The Samsung Galaxy S6 offers 60fps mode at 1080p in addition to QHD and high framerate options. Note that it uses a combination of optical and digital stabilization, but the digital portion gets disabled when you go over 1080p @ 30fps.
The Galaxy S6 uses a higher bitrate for its 2160p videos, 48Mbps, while the LG G4 shoots at 30Mbps. This means a minute of S6 video eats up 360MB, while G4 videos take 225MB per minute. The flipside of this is that the higher framerate has the potential to keep more fine detail. For 1080p videos both settle on 17Mbps.
Sound is important to note here. The Samsung Galaxy S6 records 256Kbps audio, while the LG G4 is capped at 156Kbps. Even so, the LG G4 seems to have the better mics and the audio sounds better. It's also less susceptible to wind noise.
While the still camera field of view was equal for both phones, in video mode the Galaxy S6 is slightly wider, capturing more of the scene. The LG G4 dynamic range allows it to capture more detail in the shadows and highlights. It white balance sensor helps out again, the S6 videos have a cool tint.
Foliage and other fine detail in LG G4 videos still get smudged a bit and Galaxy S6 videos generally come out sharper.
The clouds rolled in by the time we got to the 1080p samples. So videos from both have washed out skies, but the underexposure problem in the Galaxy S6 videos becomes more pronounced.
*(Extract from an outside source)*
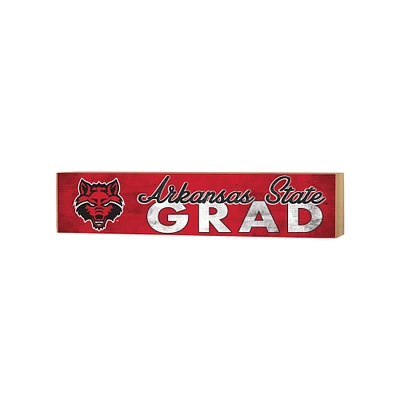 Arkansas State Red Wolves 3" x 13" Grad Block Sign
Unlike 2160p videos, the LG G4 leans on the sharpening (more than the S6), which creates some visible halos.
You can download untouched samples from both in case you don't trust YouTube's compression.
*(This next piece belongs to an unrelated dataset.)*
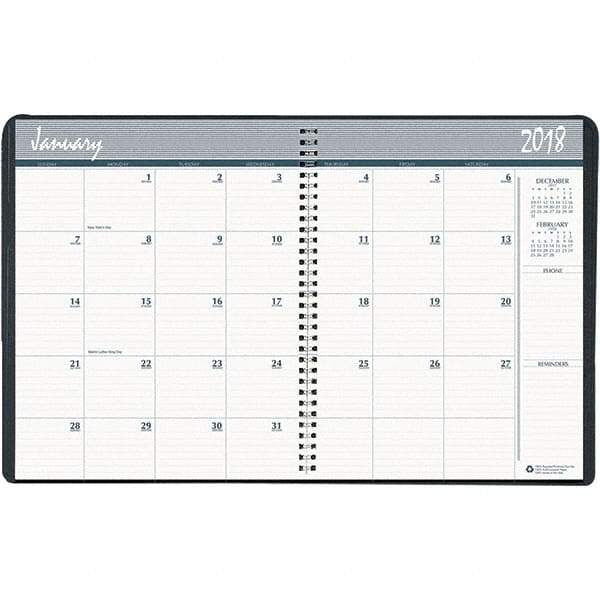 House of Doolittle - 24 Sheet, 6-7/8 x 8-3/4", Monthly Planner - Black - Exact Tool & Supply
|LG G4||Samsung Galaxy S6|
Winner: LG G4. We wish 2160p videos were sharpened more and 1080p videos less, but with better dynamic range and color rendering, plus better audio, the LG G4 provides the better overall experience.
The Samsung Galaxy S6 videos are sharper with more detail, in part thanks to the higher bitrate. It takes up precious, un-expandable storage though. We were surprised to hear the higher bitrate audio sound worse.
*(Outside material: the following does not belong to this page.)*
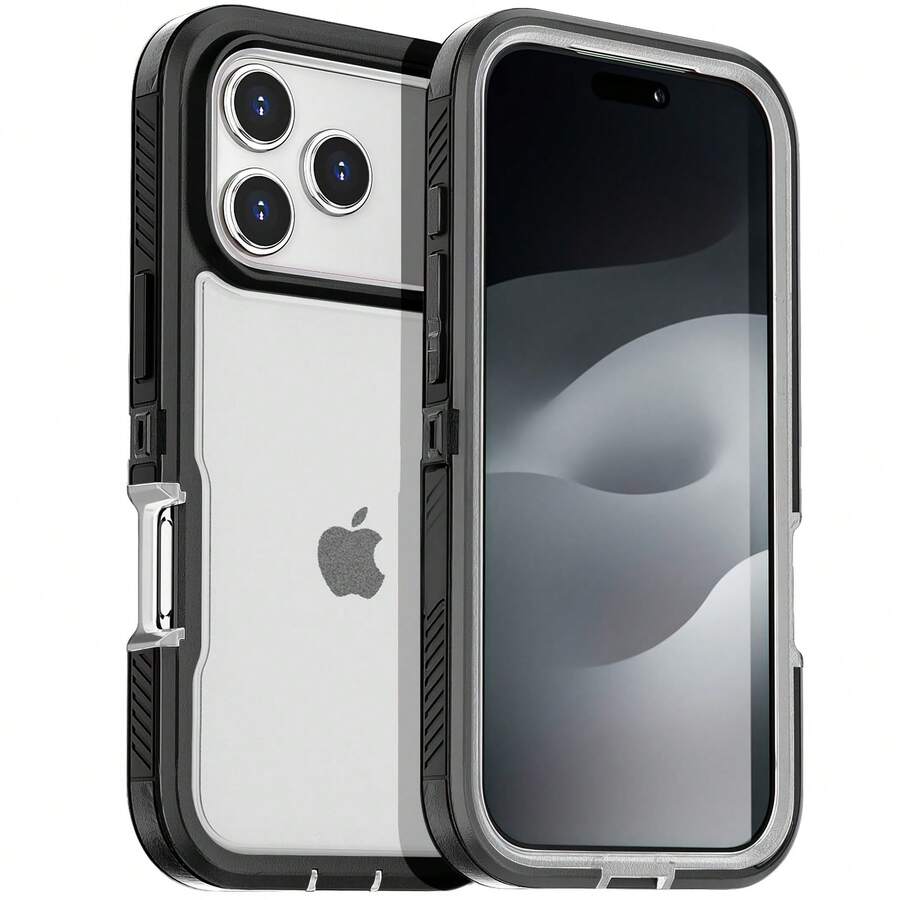 Casing Ponsel: Kompatibel dengan iPhone 17 Pro Max 16 15 14 13 12 Pro Max, Menampilkan Desain Patchwork Dua Warna, Modis dan Minimalis, Memberikan Perlindungan Menyeluruh, Tahan Guncangan dan Casing Pelindung Ponsel yang Tahan Lama.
Both the LG G4 and Samsung Galaxy S6 feature optical image stabilization for photos and videos. Digital stabilization is rarely any good and even when it is, it eats up too much of the field of view so OIS is a vital feature for both.
The effects of OIS are most visible in video, so we attached the two phones together and shot 2160p videos simultaneously on both. Here's what that looks like side by side.
The Galaxy S6 warns that it can't do additional video stabilization at 2160p - for 1080p videos it uses a combination of optical and digital stabilization. Even without that boost, the S6 video appears smoother while the LG G4 has some slight jerkiness in places.
Winner: Samsung Galaxy S6. Both phones do a very good job at absorbing the worst of handshake jerks, but the Galaxy S6 does it slightly better.